Larry Dix, testifying on behalf of the Nebraska Association of County Officials, spoke in support of the bill. Taxpayers are angry about the perceived erosion of the property tax base in their counties, he said, and are expressing those complaints in valuation protest hearings.

Ervin Portis, Plattsmouth city administrator, testified in opposition to the bill. The city has designated 18 percent of Plattsmouth as substandard and blighted, he said, of the 35 percent allowed by law. Some of those areas currently contain TIF projects, he said, and the term “urban renewal” could apply to projects at the very edge of a small community, including vacant land.

“The city of Plattsmouth is like a lot of cities in the state of Nebraska,” Portis said. “First of all, we’re small. We’re 3.1 square miles, so the distance from the city center to the edge of the community is a nice walk … or a very short drive.”

Mike Jacobson, representing the North Platte Area Chamber of Commerce and the North Platte Community Redevelopment Authority, also opposed LB967. North Platte could not have brought the Walmart food distribution center to the city without TIF, he said.

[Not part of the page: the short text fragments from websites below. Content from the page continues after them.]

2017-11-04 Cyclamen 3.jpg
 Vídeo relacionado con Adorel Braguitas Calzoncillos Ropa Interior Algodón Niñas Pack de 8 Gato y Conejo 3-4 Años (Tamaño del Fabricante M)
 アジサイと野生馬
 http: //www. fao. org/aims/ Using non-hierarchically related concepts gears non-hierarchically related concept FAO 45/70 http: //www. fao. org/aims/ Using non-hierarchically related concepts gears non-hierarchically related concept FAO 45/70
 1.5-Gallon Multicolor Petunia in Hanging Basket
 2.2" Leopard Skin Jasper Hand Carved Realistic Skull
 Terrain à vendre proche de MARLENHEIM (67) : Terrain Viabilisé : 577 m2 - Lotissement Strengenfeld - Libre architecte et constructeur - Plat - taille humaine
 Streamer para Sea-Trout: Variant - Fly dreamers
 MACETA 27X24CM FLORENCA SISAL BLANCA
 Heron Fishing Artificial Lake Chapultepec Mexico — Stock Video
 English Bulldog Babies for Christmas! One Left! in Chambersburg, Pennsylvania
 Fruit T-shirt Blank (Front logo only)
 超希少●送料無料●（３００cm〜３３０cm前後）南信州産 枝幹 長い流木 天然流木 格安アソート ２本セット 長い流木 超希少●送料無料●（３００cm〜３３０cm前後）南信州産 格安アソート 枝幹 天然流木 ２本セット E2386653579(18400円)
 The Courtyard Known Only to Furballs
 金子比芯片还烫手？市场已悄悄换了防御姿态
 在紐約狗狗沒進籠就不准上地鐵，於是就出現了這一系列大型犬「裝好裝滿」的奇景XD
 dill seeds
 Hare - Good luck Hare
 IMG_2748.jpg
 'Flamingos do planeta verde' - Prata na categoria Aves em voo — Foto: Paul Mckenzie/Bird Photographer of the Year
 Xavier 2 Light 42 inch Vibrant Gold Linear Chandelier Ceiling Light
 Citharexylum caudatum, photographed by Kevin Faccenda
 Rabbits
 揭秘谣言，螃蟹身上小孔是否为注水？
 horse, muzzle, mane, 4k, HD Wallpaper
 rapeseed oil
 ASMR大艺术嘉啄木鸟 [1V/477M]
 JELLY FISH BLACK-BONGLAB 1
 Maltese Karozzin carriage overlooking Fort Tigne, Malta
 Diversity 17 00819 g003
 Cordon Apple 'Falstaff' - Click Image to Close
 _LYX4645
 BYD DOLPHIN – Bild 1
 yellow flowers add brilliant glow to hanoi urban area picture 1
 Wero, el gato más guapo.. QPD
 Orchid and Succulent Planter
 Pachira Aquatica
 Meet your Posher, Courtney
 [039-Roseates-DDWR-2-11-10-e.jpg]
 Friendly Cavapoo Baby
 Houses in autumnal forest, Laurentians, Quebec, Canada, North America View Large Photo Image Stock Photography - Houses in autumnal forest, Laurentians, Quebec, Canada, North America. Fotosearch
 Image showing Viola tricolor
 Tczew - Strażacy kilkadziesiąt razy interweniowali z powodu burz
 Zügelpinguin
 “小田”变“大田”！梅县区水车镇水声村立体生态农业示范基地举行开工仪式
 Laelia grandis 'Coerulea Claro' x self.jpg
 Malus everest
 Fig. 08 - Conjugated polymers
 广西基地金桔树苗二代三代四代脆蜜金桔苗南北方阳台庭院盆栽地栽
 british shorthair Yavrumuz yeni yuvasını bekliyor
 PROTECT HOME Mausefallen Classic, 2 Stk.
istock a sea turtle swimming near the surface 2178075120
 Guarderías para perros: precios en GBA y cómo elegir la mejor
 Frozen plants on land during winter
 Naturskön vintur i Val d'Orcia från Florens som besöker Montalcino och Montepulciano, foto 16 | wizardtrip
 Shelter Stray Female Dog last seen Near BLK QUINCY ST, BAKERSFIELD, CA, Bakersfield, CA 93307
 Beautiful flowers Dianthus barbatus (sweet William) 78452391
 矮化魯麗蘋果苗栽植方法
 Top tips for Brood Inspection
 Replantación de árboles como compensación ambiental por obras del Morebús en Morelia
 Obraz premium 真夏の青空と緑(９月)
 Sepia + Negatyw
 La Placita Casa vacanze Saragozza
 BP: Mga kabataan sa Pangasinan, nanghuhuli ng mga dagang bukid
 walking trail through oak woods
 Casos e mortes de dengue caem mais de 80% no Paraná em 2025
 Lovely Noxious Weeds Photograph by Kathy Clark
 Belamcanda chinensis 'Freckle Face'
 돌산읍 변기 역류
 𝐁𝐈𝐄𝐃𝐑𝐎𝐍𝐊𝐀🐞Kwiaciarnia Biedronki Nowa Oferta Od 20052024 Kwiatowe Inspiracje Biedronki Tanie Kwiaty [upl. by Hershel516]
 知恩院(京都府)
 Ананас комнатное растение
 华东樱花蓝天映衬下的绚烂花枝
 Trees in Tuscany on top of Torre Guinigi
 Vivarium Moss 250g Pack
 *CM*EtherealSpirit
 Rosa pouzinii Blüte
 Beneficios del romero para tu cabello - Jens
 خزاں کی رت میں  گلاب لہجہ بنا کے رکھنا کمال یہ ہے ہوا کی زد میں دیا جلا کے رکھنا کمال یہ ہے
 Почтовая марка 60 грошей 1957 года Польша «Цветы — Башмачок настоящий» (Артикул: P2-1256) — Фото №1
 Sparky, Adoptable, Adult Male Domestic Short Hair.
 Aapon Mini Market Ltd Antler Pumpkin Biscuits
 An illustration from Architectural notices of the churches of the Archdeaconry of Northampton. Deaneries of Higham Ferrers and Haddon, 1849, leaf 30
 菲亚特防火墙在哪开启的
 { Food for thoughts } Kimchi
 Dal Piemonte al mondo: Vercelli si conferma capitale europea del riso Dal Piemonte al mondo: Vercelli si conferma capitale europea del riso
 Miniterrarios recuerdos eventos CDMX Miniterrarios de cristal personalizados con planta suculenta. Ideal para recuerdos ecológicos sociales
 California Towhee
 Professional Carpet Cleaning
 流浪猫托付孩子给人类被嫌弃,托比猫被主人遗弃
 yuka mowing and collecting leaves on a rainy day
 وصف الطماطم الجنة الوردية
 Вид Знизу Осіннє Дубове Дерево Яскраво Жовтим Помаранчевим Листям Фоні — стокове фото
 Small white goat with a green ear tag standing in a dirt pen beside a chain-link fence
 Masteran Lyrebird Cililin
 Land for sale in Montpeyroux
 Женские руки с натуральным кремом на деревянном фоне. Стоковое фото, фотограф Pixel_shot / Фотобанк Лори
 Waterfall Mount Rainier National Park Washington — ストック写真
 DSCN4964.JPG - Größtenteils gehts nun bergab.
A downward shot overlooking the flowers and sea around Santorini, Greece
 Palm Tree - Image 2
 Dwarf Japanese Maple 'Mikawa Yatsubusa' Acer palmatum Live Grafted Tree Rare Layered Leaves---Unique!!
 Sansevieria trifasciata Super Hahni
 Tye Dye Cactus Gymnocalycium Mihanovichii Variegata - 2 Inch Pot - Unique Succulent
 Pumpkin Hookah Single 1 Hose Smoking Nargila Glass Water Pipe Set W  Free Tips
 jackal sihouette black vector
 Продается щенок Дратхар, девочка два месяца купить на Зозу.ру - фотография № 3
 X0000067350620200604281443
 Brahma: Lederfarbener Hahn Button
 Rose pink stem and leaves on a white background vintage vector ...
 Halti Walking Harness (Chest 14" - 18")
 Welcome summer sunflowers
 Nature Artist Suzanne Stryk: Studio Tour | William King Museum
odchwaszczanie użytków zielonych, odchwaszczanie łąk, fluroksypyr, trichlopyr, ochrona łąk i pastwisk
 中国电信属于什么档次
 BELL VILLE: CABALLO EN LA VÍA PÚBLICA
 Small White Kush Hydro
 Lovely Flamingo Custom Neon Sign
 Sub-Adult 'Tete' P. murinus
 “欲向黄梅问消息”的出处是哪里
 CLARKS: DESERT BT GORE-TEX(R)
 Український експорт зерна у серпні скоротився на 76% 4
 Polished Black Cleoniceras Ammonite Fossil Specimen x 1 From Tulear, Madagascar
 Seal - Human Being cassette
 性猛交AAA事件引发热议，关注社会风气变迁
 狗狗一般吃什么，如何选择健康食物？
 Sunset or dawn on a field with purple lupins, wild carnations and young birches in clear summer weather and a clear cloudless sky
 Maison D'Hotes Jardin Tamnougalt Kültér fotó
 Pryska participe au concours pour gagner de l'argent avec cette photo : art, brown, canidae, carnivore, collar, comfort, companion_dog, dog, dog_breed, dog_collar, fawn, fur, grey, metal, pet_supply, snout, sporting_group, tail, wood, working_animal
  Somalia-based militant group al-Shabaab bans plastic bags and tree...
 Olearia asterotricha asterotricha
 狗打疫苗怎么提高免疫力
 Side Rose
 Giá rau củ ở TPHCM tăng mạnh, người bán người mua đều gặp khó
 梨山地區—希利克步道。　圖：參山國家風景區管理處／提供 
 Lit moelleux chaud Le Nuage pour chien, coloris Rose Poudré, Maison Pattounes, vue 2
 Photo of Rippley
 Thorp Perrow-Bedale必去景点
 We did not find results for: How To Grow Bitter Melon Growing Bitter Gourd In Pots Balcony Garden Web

North Platte was able to annex “raw land” at the edge of the city, blight it and develop it, Jacobson said, in order to add hundreds of thousands of dollars in new property tax revenue.

In addition, he said, the TIF bonds for Walmart and a nearby Menards have been paid in full and both projects have brought new jobs, sales tax and other economic benefits to North Platte.

“If we have a better tool than TIF, I’d like to hear it,” Jacobson said.

The committee took no immediate action on the bill.